Overview

Distributed Systems are teams of computers working together. The Cloud is a distributed system.

Core Idea

The core idea is Scalability. A single computer has limits. A thousand computers can do anything. But coordinating them is a nightmare.

Formal Definition

A model in which components located on networked computers communicate and coordinate their actions by passing messages.

Intuition

  • The Orchestra: One musician is easy to manage. An orchestra needs a conductor (or a very good protocol) to stay in sync.
  • The Two Generals Problem: Two generals on opposite hills need to attack at the same time.

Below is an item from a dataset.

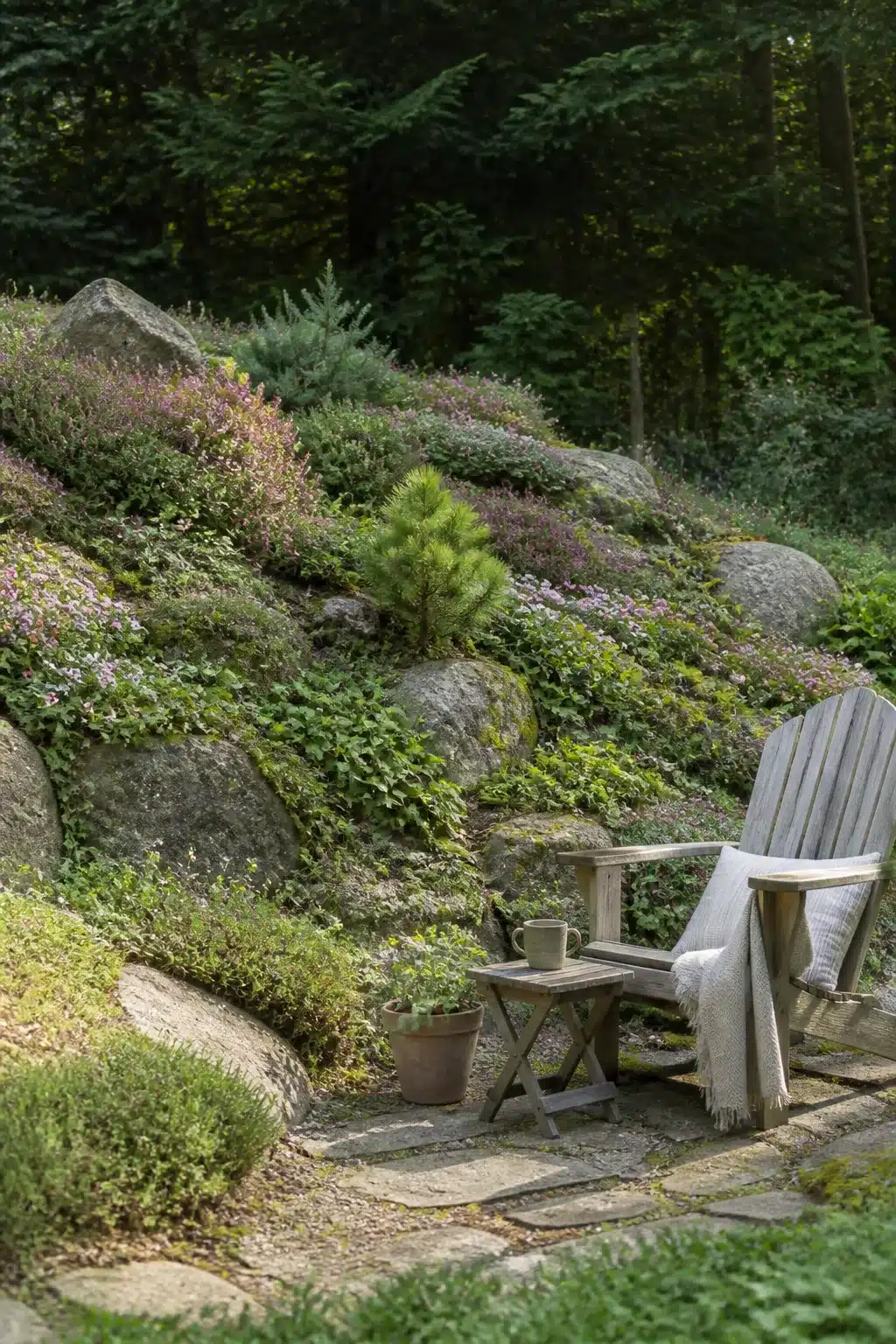 Heather-planted rocky bank with boulders and Adirondack chair in a woodland rockery garden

They can only send messengers through the enemy valley. How can they be 100% sure the other got the message? (Spoiler: They can’t).

Examples

  • Google Search: It’s not one computer; it’s data centers full of them.
  • Blockchain: A distributed ledger where everyone agrees on the truth without a central authority.
  • BitTorrent: Peer-to-peer file sharing.

Common Misconceptions

  • Misconception: The network is reliable.
    • Correction: The Fallacies of Distributed Computing: The network is reliable, latency is zero, bandwidth is infinite… all lies.
  • Misconception: It’s just “more computers.”
    • Correction: It introduces new classes of bugs (Race Conditions, Partial Failures). “A distributed system is one in which the failure of a computer you didn’t even know existed can render your own computer unusable.” (Leslie Lamport).

Applications

  • Cloud Computing: AWS, Azure.
  • Big Data: Hadoop, Spark.

Criticism and Limitations

  • Complexity: Debugging is hell.

Further Reading

  • Distributed Systems by Tanenbaum and van Steen